Amplification of light and random laser action in partially ordered dye-doped nematics

Experimental evidence of random laser action in a partially ordered, dye doped nematic liquid crystal with long-range dielectric tensor fluctuations is presented. When exceeding a certain threshold pump power value, the fluorescence curve in the system collapses and distinct sharp peaks emerge above the residual spontaneous emission spectrum. Unlike distributed feedback mirror-less lasers, this nematic system can be regarded as a cavity-less microlaser where the partially ordered bulk surprisingly plays the amplifying role, acting as a randomly distributed feedback laser.
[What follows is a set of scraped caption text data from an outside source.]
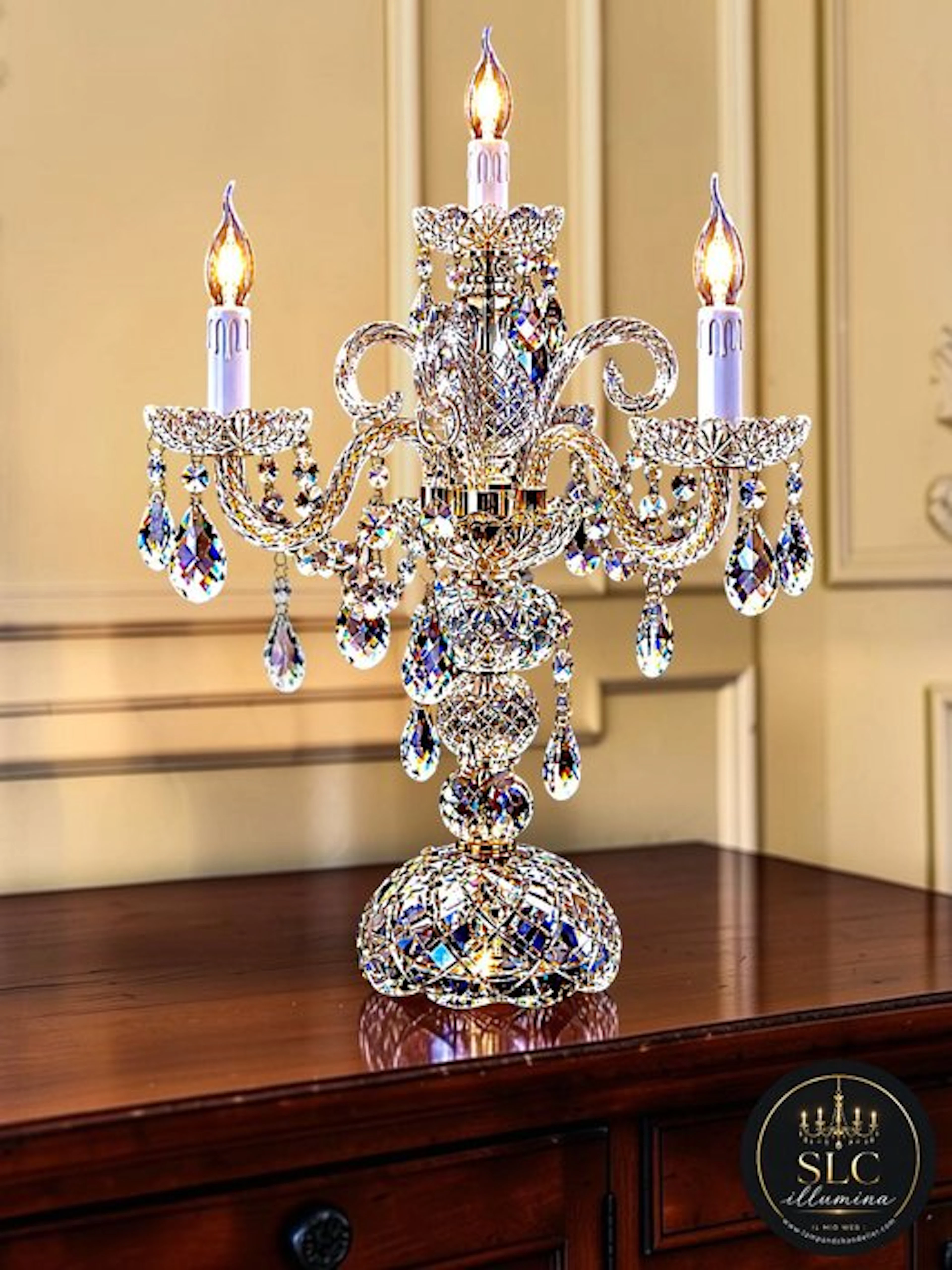 SLC Illumina - MG - Table lamp - Flambeau Crystal 4...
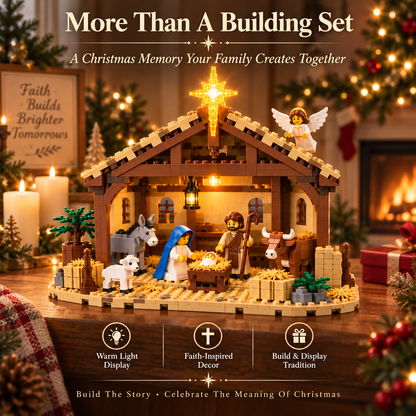 🔥Build The Christmas Story - Nativity Scene Building Block Set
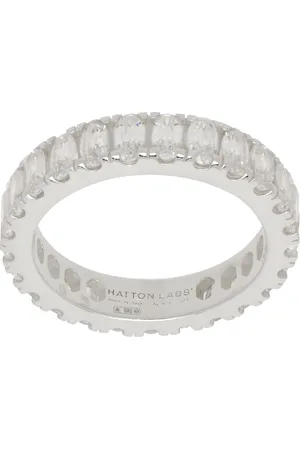 Hatton Labs Silver Elliptical Eternity Ring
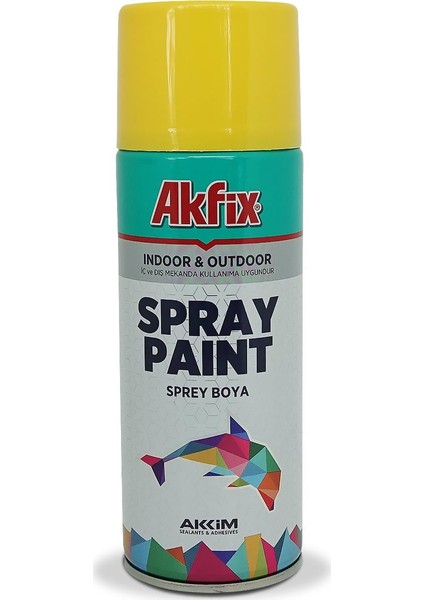 Akrilik Sprey Boya 400ml Parlak Taksi Sarısı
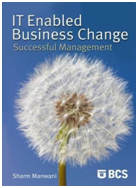 Image of the book IT Enabled Business Change, this is included with the training course at Logitrain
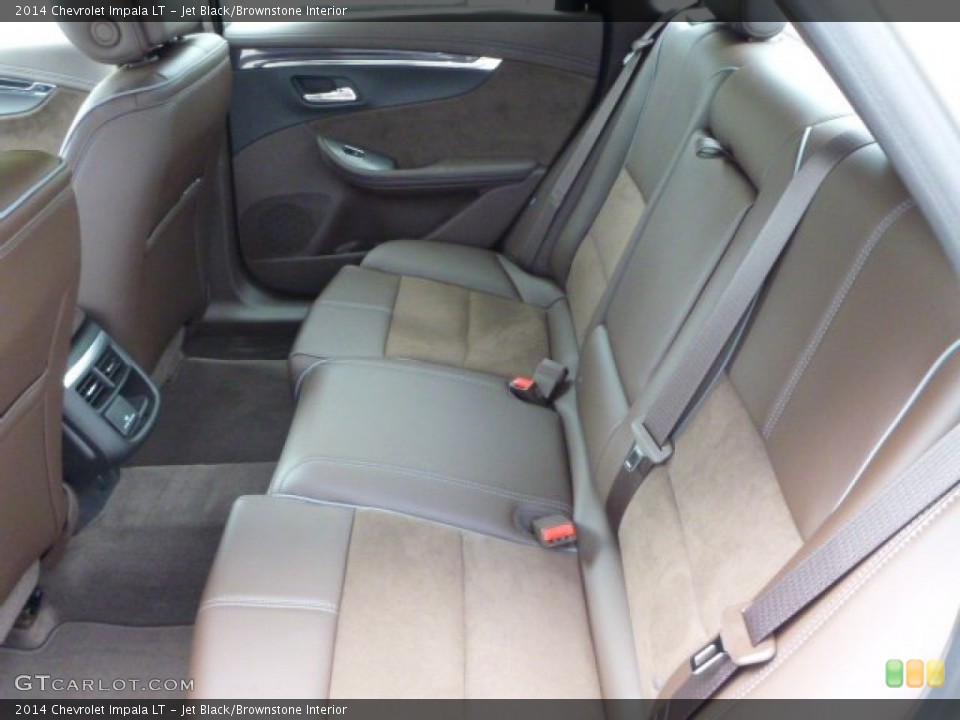 Jet Black/Brownstone Interior Rear Seat for the 2014 Chevrolet Impala LT #86792484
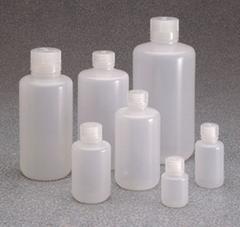 NALGENE Storage Bottle: LDPE, 16.9 fl oz, 500 mL, Natural, 28 mm Screw Closure Size, Polypropylene (MPN 2003-0016). Key specifications — Body Color: Natural; Closure Attached: Attached; Brand: NALGENE; Pre-Cleaned: None; Closure Included: Yes.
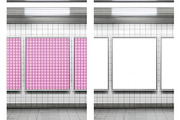 Subway Billboard Mockup, an Advertising Mockup by The Rose Project (Thumbnail 2 of 2)
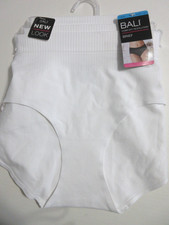Bali BRIEF 3-Pack Underwear Panties Comfort Stretch Nylon seamless White 2XL/9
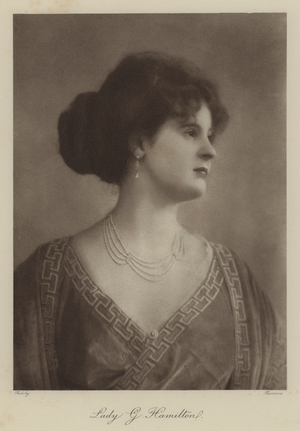 Lady G Hamilton (b/w photo)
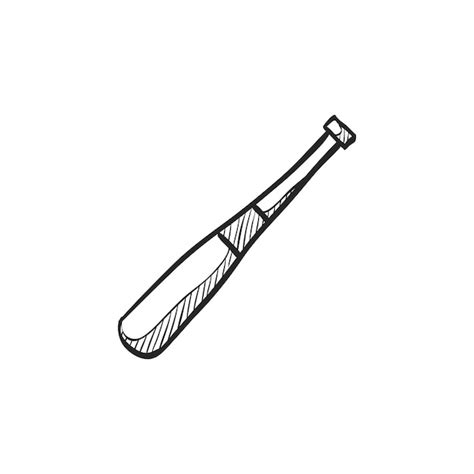 Premium Vector Hand Drawn Sketch Icon Baseball Bat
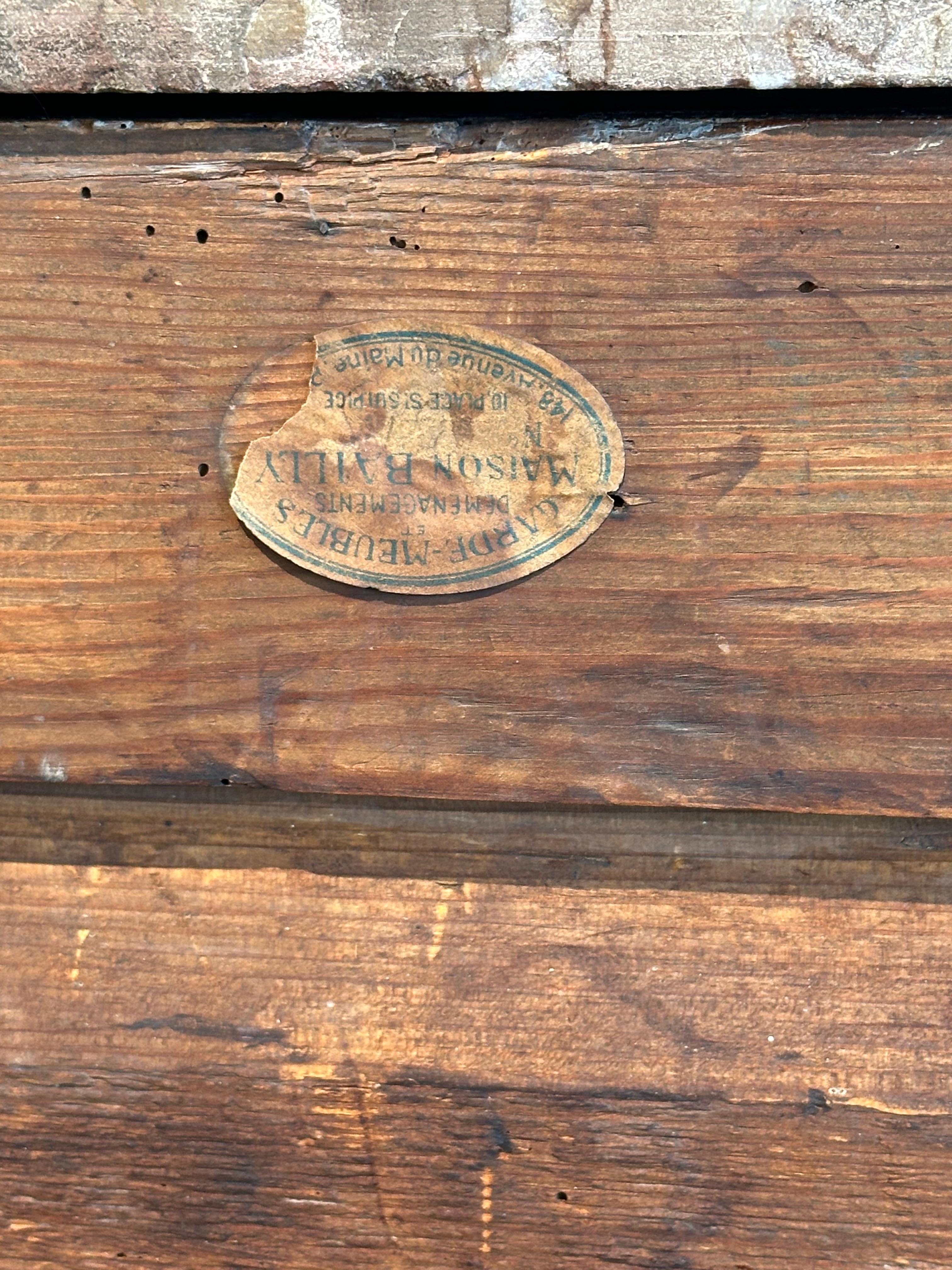 Louis XV Chinoiserie Chest Stamped by C. Saunier 2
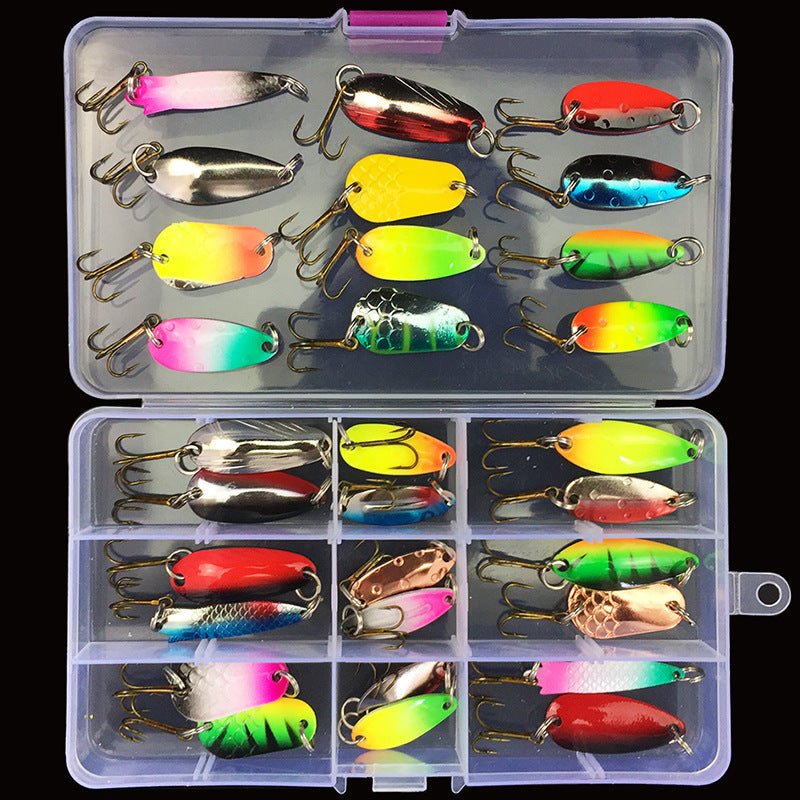 Bionic Iron Lure Multicolored Metal Sequin Set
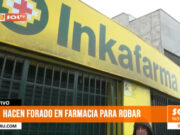 Trujillo: delincuentes hacen forado en farmacia para hurtar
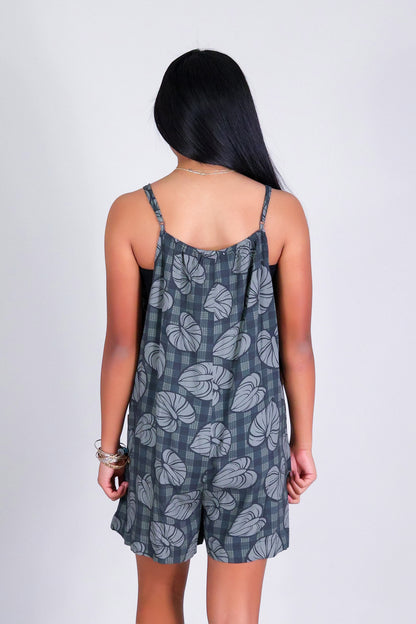 ANTHURIUM PALAKA NO WAIST ROMPER | KIDS SIZE 2-16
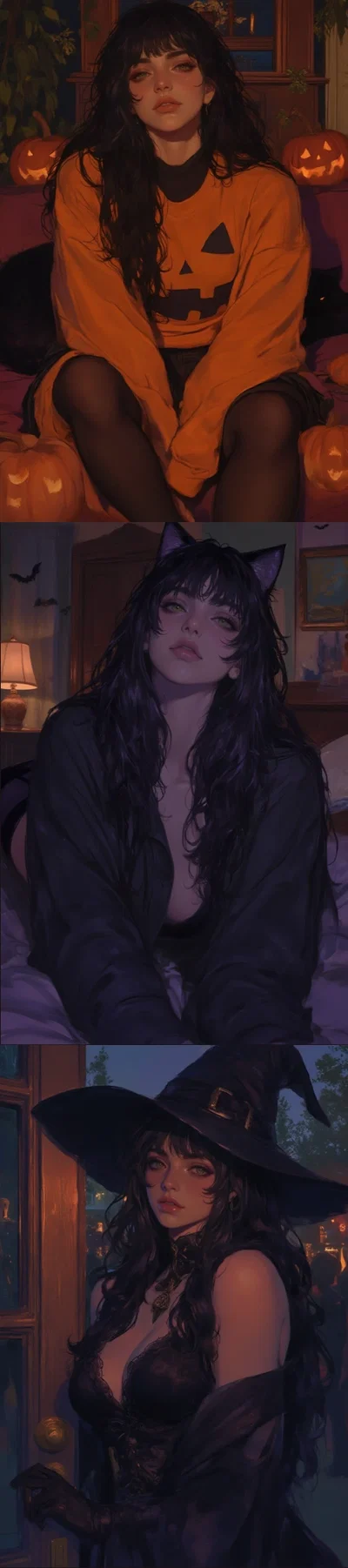 Your Black cat girlfriend who hates everyone but you
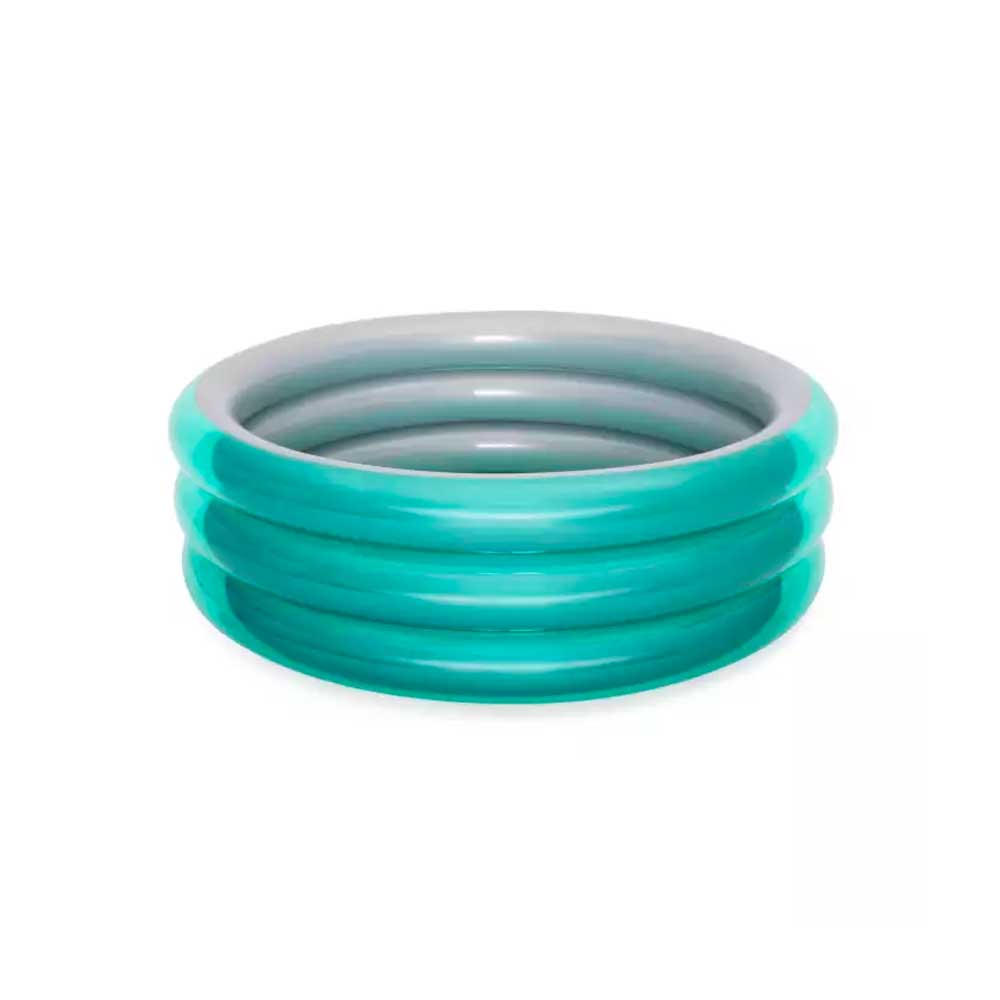 Bestway Piscina Gonfiabile Big Metallic A 3 Anelli Diametro 170X53H Cm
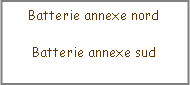 Zone de Texte: Batterie annexe nord
Batterie annexe sud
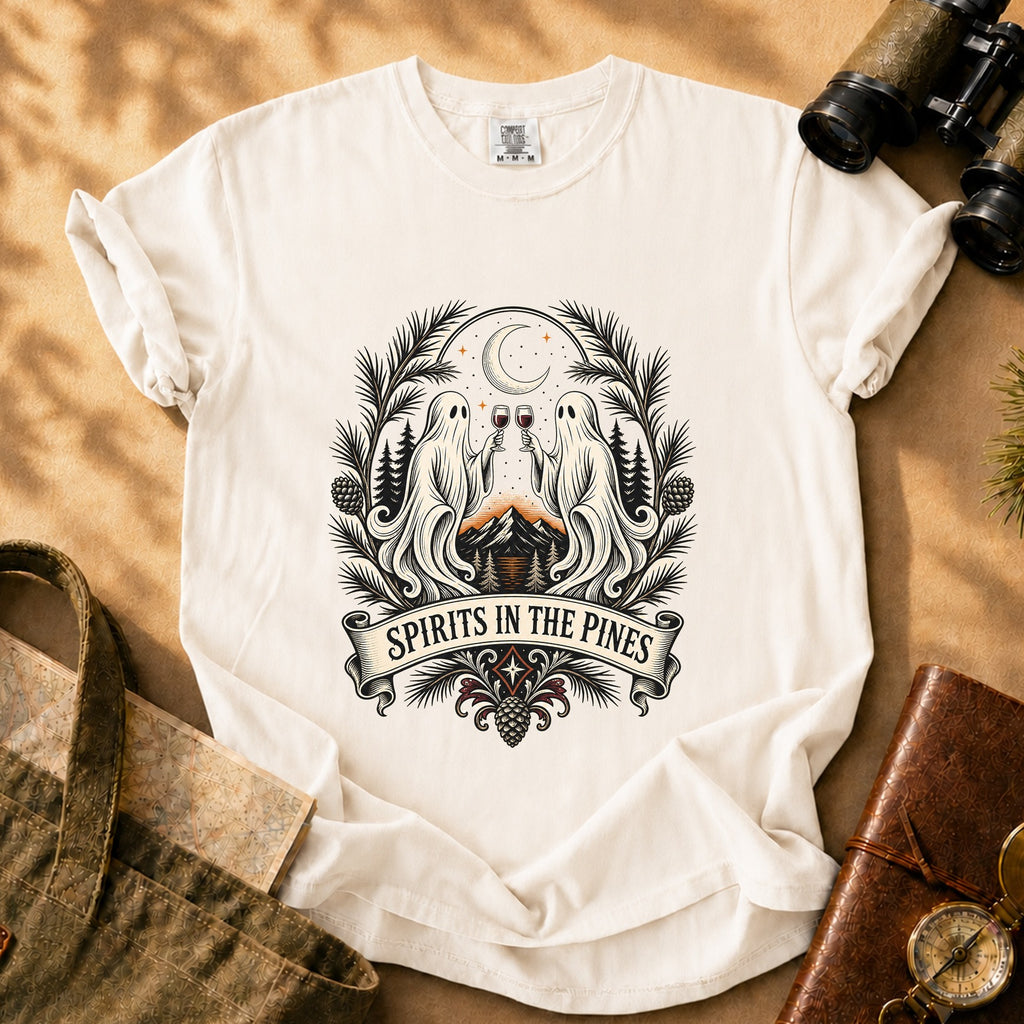 Spirits in the Pines Tee - Ivory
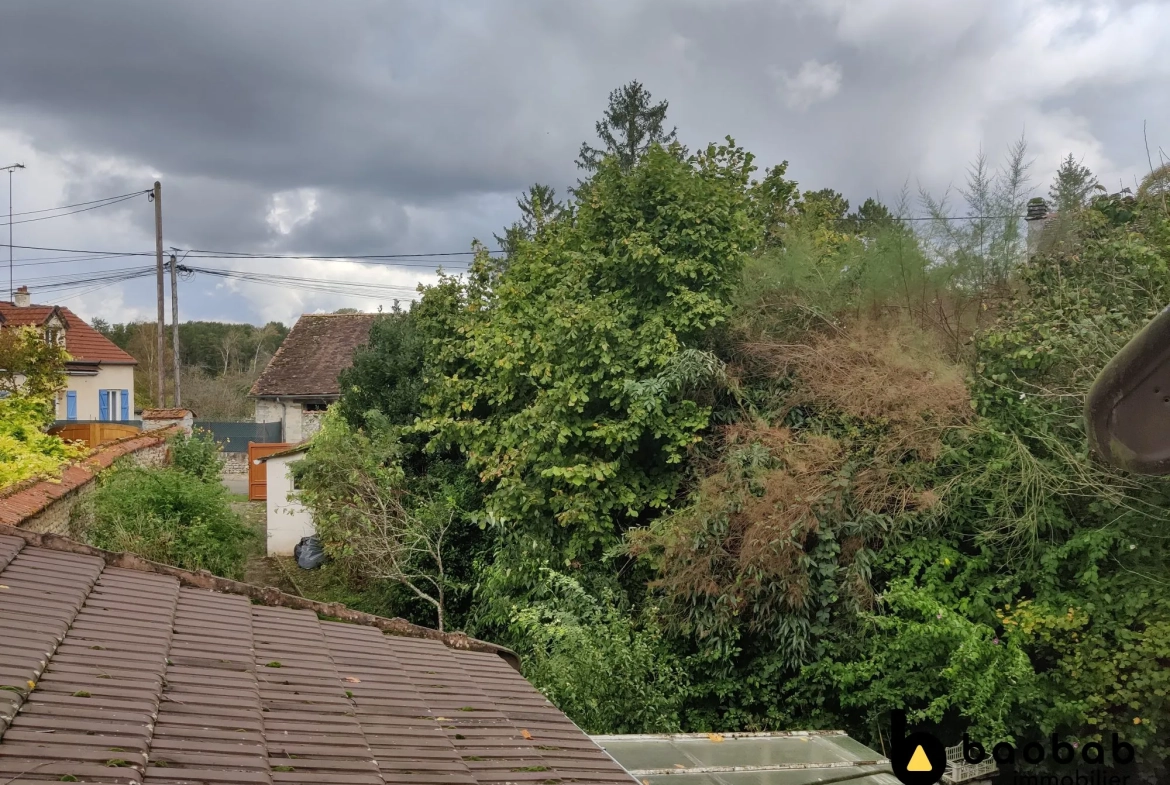 Maison ancienne de 102 m² à Malesherbes, calme et proche de la forêt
Here, the unforeseen surviving of constructive interference in repeated multiple scattering events of the dye emitted photons provide the necessary optical feedback for lasing in our liquid crystalline material. The random laser emission has attractive features, such as an extremely narrow banded linewidth (0.5 nm FWHM), low emission threshold (30 mu J/mm(2)) and a very high efficiency (>20%). Different confining geometries are experimentally investigated, while obtaining intensity fluctuations of the spatially overlapping speckle-like emission patterns clearly demonstrates the typical spatio-temporal randomness of diffusive laser emission. These interesting inorganic lasing systems could represent an exceptionally promising route for fundamental prospective studies with strong technological implications for integrated optical systems, nanophotonics and optoelectronic fields.